Home   Archive   Permalink

Web Scraping

Hello, I very recently found Rebol language and I'd like to ask if this tool is well suited to web scraping. I want to write a program that:
1 Connects to a webpage: http://www.oanda.com/currency/historical-rates
2 Fills 2 date fields
3 Fills 2 text fields
4 Clicks the Get Table button
5 Waits for the requested data
6 Captures the numeric data just behind "High:" into a variable
7 Captures the numeric data just behind "High:" into a second variable.
Do you think this is possible with Rebol 2 or 3?
Any hint would be welcomed.

posted by:   Francisco       24-Aug-2010/7:30:56-7:00

Hi, Rebol can do this very easily,
You need to POST your data like below (note that I'm too lazy to do all the job, just get the idea)
t: read/custom http://www.oanda.com/currency/historical-rates [POST "exch2=usd&date1=06/07/08&date=09/07/08&..."]
add any other form elements in ..., t will hold the server response.
then parse the t. here is an example of parse:
t: {
     <TD>BGCOLOR="#DFDFDF"><FONT FACE="Verdana" size="2">  High:<FONT></TD>
     <TD BGCOLOR="#EFEFEF"><FONT FACE="Verdana" size="2"> 0.79060 </FONT></TD>
     <TD BGCOLOR="#DFDFDF"><FONT FACE="Verdana" size="2">  Low:</FONT></TD>
     <TD BGCOLOR="#EFEFEF"><FONT FACE="Verdana" size="2"> 0.77410 </FONT></TD>
>> parse/all t [some [thru {< FONT FACE="Verdana" size="2" >} copy v to {<} (print v) ]]
;result will be:
Hope this will help. Sorry for my laziness.

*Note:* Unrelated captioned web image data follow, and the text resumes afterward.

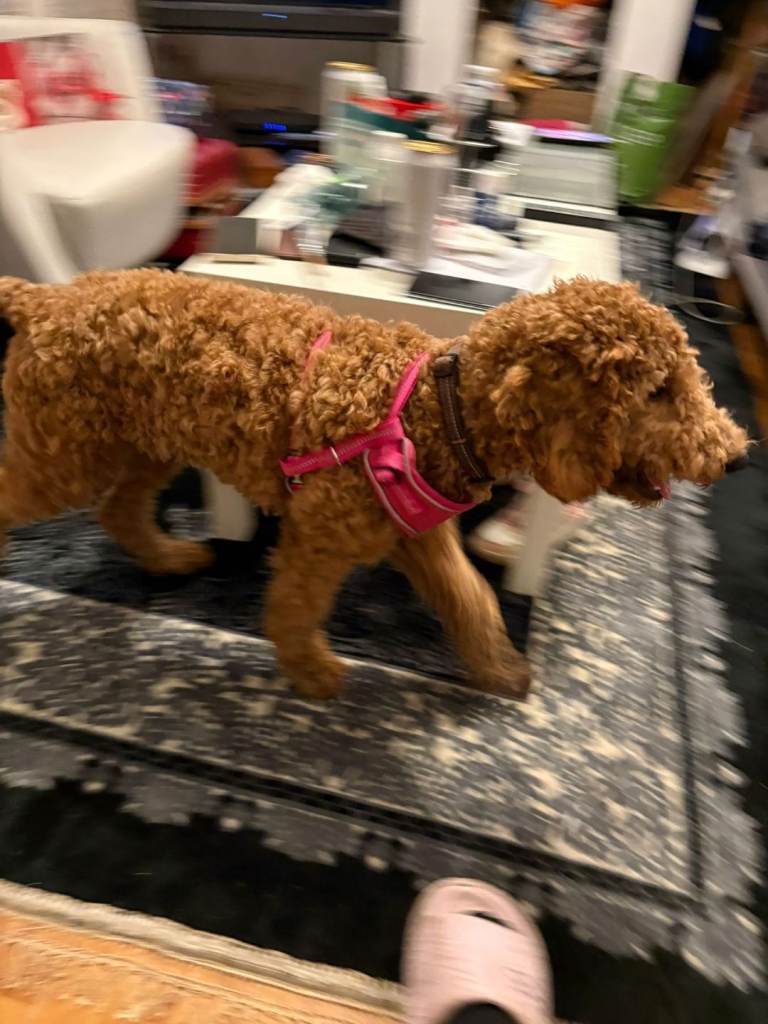 Sweet Coffee poodle to relocate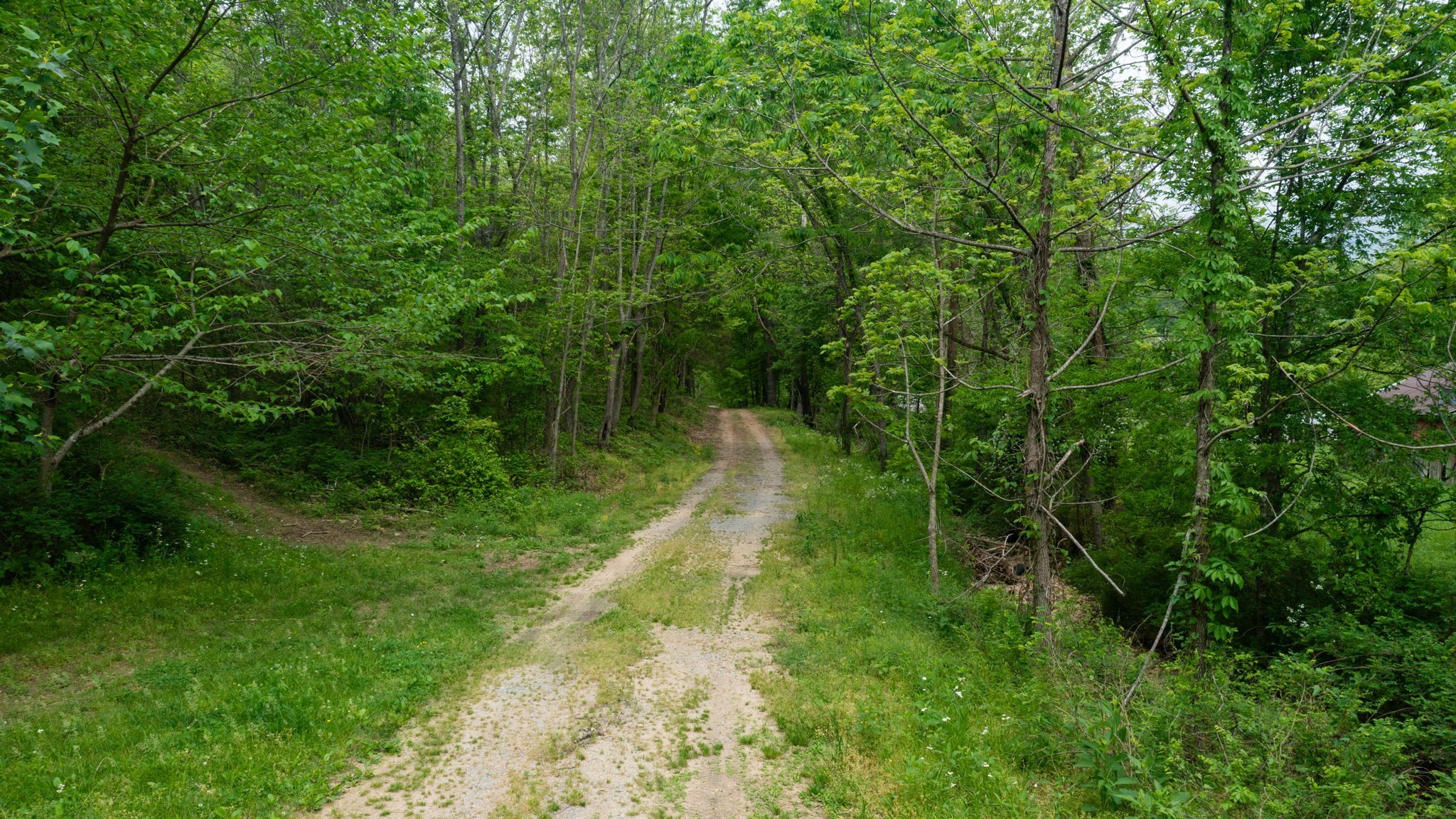 2100 Highway 13 Property Photo 14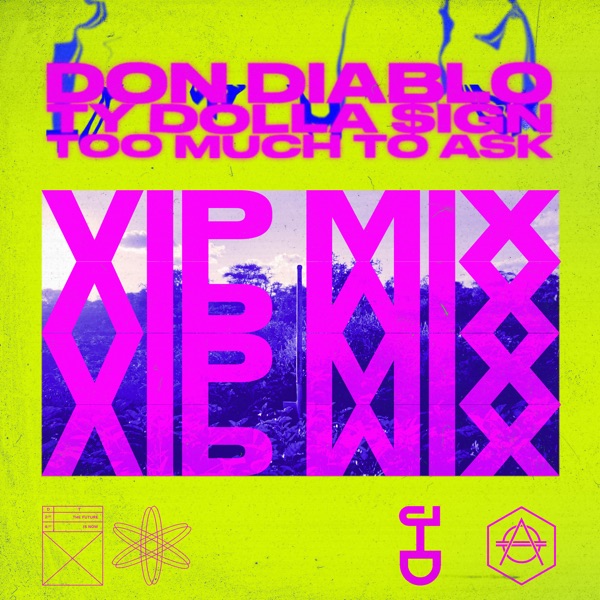 Too Much to Ask (feat. Ty Dolla $ign) [VIP Mix] - Single album cover
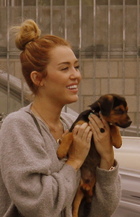 Miley Cyrus : miley-cyrus-1336851941.jpg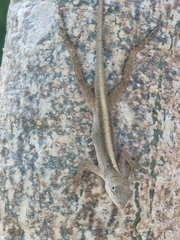 Anolis sagrei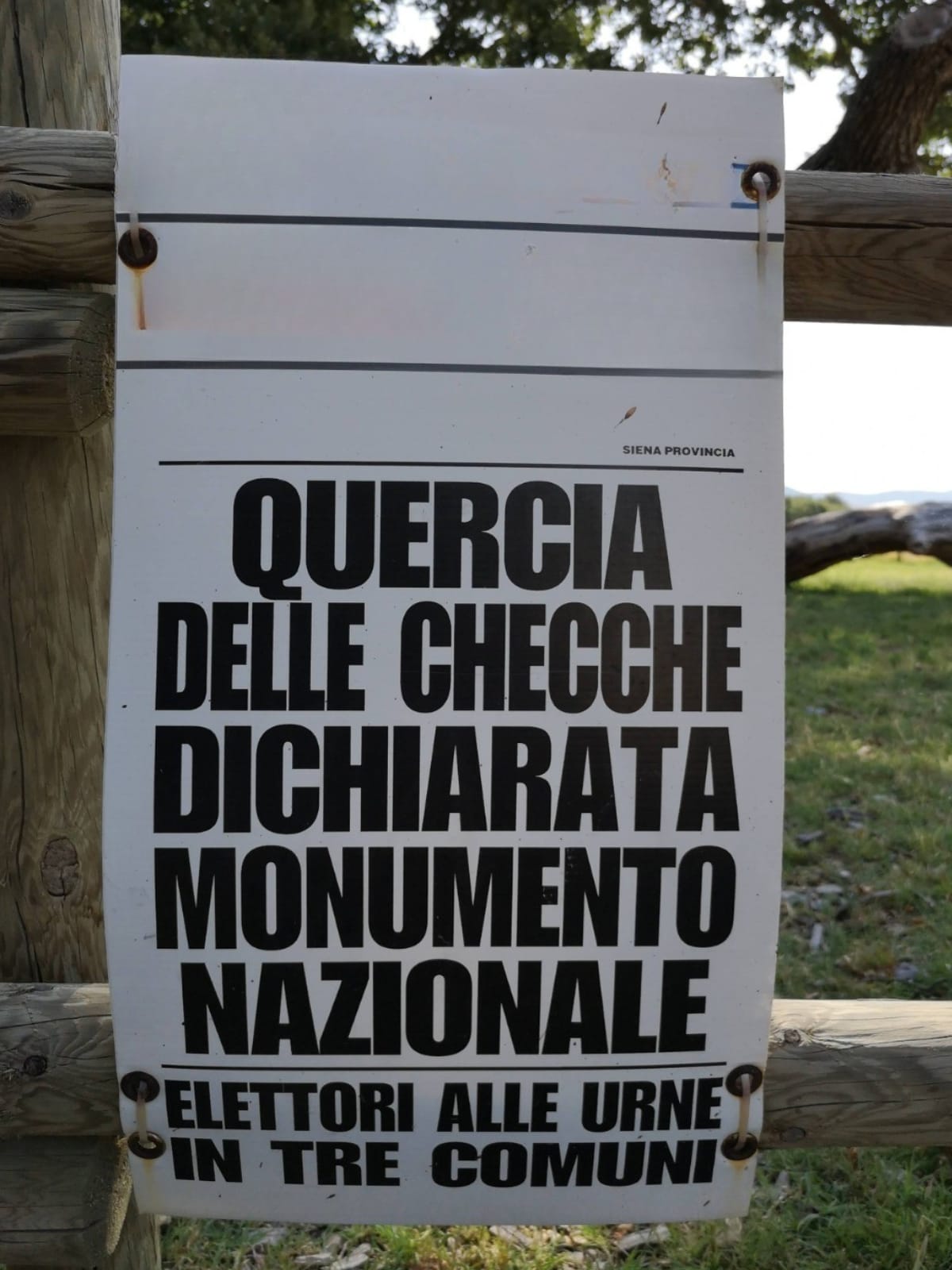 Quercia delle Checche dichiarata monumento nazionale in Toscana, simbolo di cultura, memoria e turismo sostenibile – Tessitori di Idee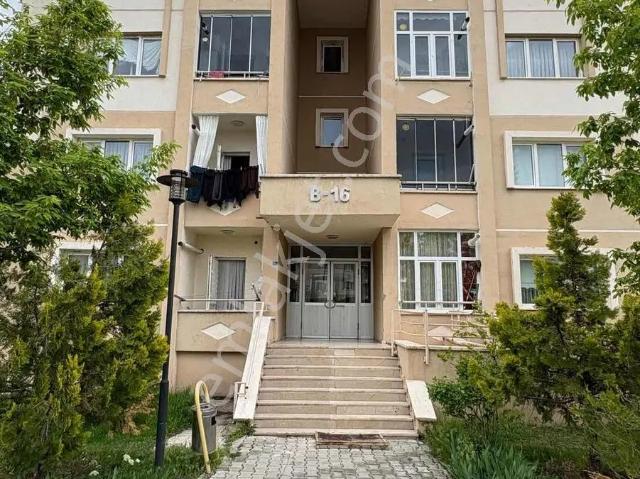 Erzincan Merkez, Erzincan içerisinde kiralık mülk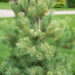 Pinus sylvestris `Aurea` harilik mänd (3)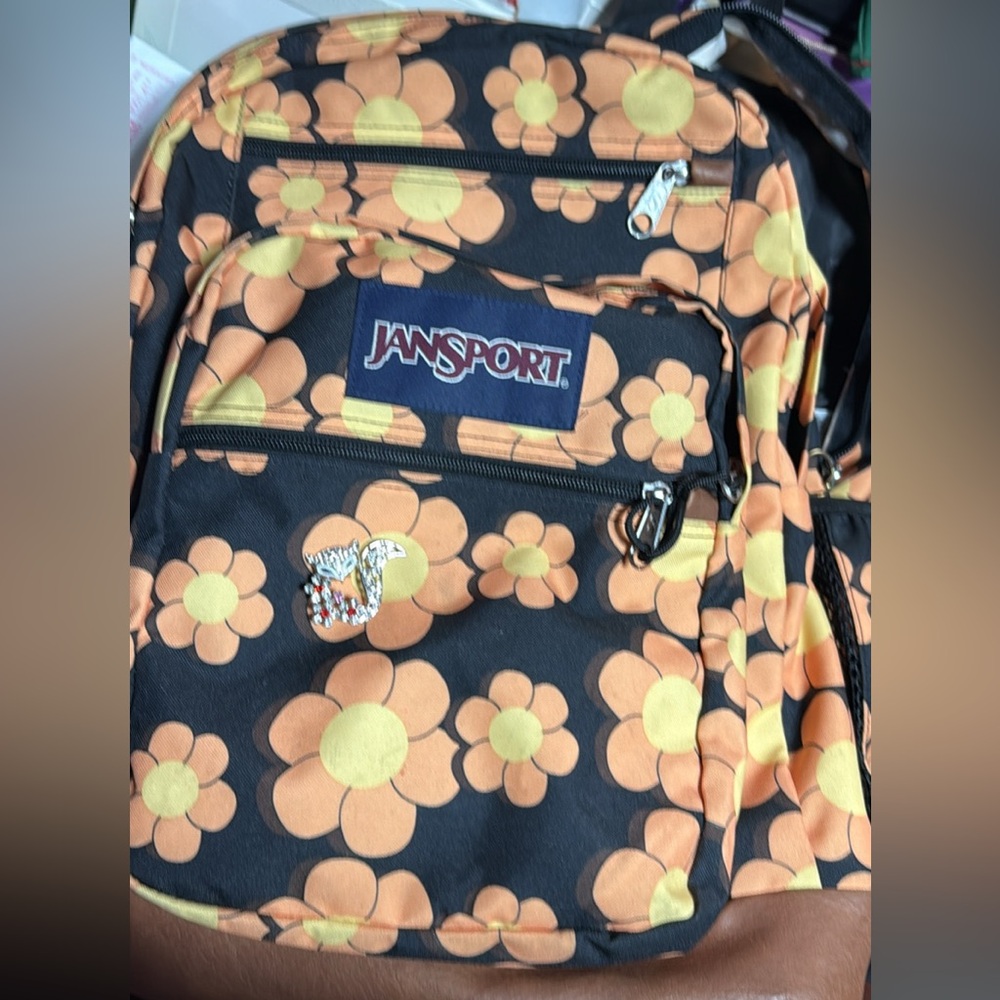 Pick one jansport and arctic Backpack - Picture 1 of 2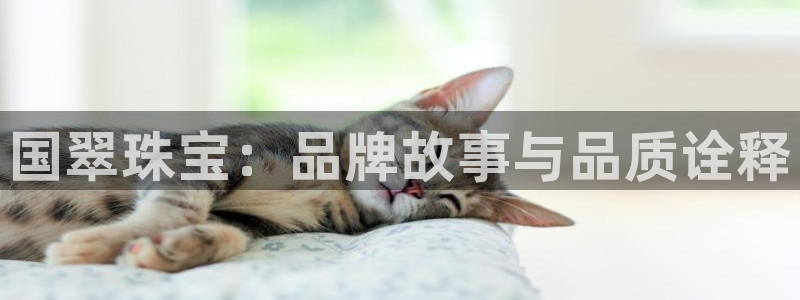 新航娱乐app官方下载：国翠珠宝：品牌故事与品质诠释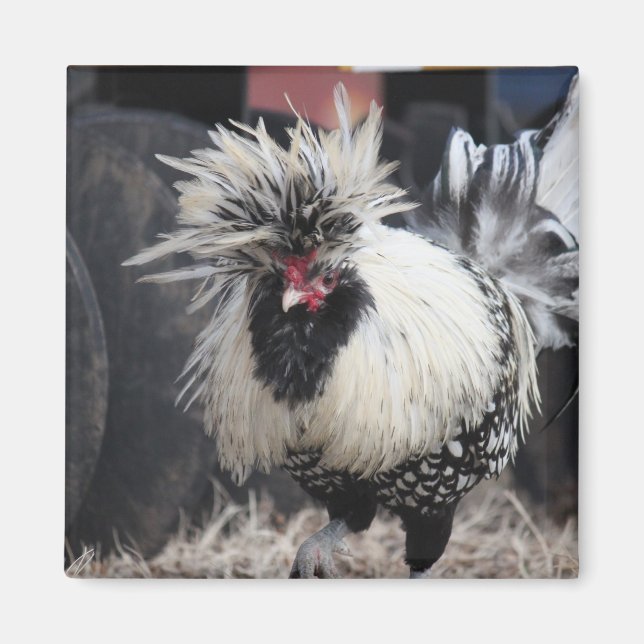 Aimant Rooster polonais en crête (Devant)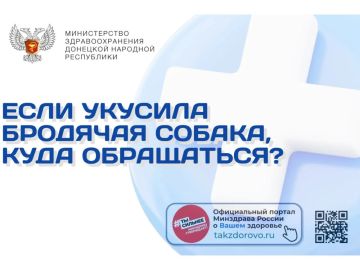 Если укусила бродячая собака, куда обращаться?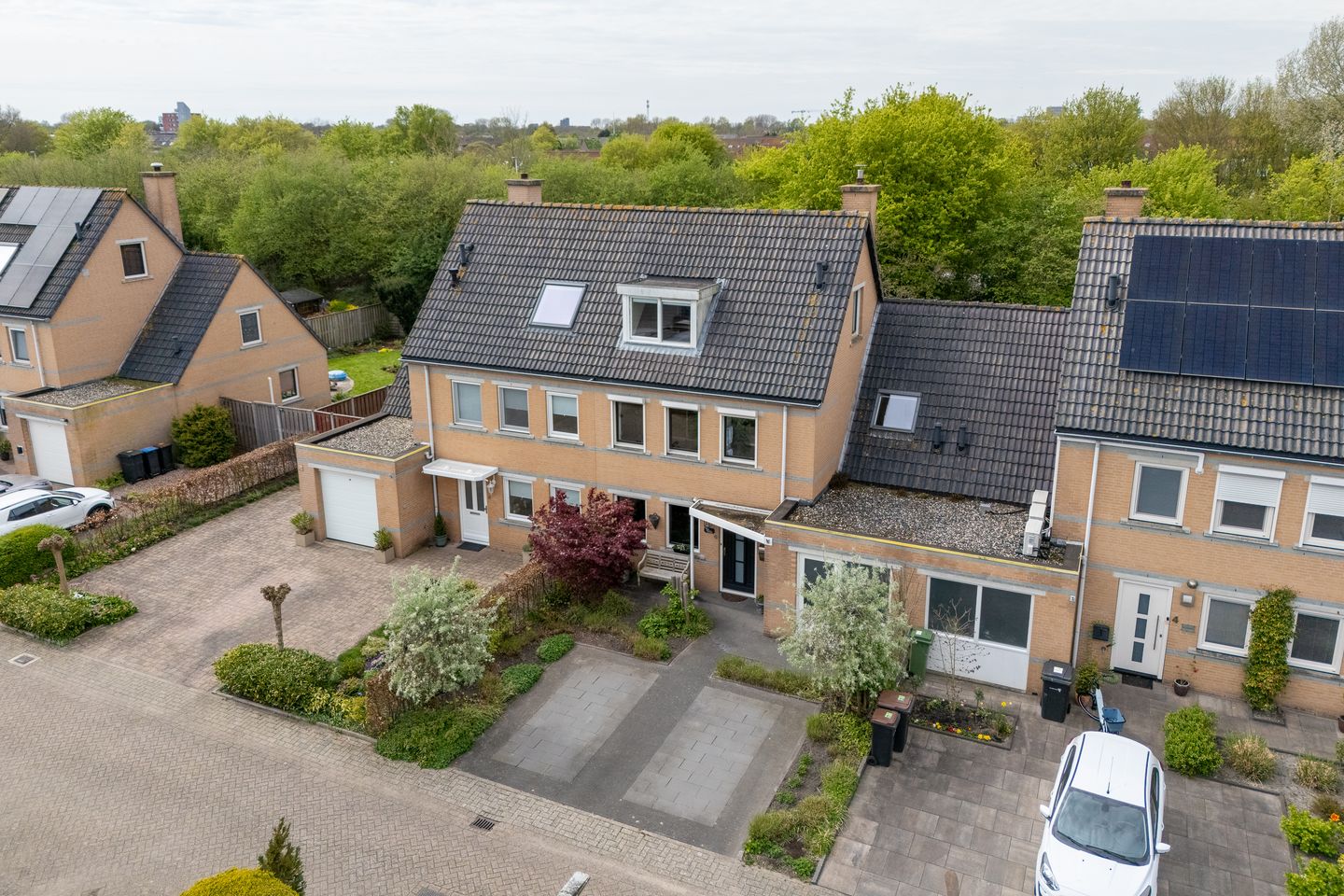Photo 55 of Hunzebos 6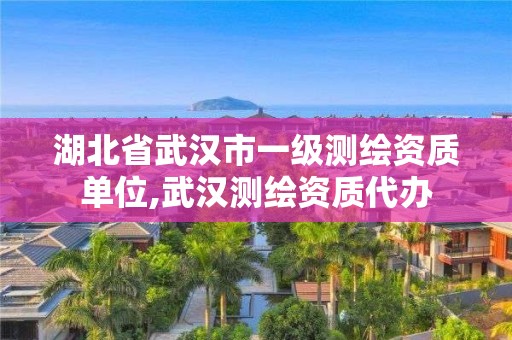 湖北省武汉市一级测绘资质单位,武汉测绘资质代办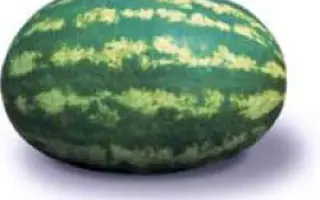 Леди F1 / Lady F1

posted by:   Endo       24-Aug-2010/8:11:11-7:00

@Nick: my post look so weird it's because it has some html parts. Could you fix that?

posted by:   Endo       24-Aug-2010/8:13:58-7:00

Hello Endo:
Thanks for your help.
Please could you post the part of the string that clicks the "Get Table" button?
In another .NET development platform I'had to use:
Uri,String: javascript:document.getElementById('SUBMIT').click();

posted by:   Francisco       24-Aug-2010/9:11:52-7:00

Hi, I don't simulate the clicking of Get Table button, instead, I send an http request & get the result.
Open the page and look at its source, you'll see the < form ...> and other form elements like < input name=date1 ...> so you can get the necessary names of form elements and fill them in your request:
t: read/custom http://example.com [POST {date1="010203"¤cy="usd"}] ;etc..
so, your request goes to server and t will hold the server response, then you can parse the t.
Also look at this document: http://www.rebol.org/art-display-article.r?article=x60w

posted by:   Endo       24-Aug-2010/10:35:11-7:00

I'm still reading about the parser... (Serious stuff!!...) But as a preliminary test, I've used the following line in the rebol console:
t: read/custom http://www.oanda.com/currency/historical-rates [POST "exch2=eur&expr2=usd&date1=01/01/10&date=01/02/10"]
After that, I've sent t to the editor:
editor t
I found there the raw data from the first screen (the query) but the result screen is missing.
Do you see anything wrong in the code sent to the webserver?

posted by:   Francisco       24-Aug-2010/14:43:02-7:00

Here's an example string that works:
     t: read/custom http://www.oanda.com/currency/historical-rates [POST {lang=en&result=1&date1=08%2F18%2F10&date=08
To get that, instead of wading through the source, I saved the page, changed POST to GET in the source, opened the edited page, clicked the "Get Table" button, and copied the string from the URL bar :)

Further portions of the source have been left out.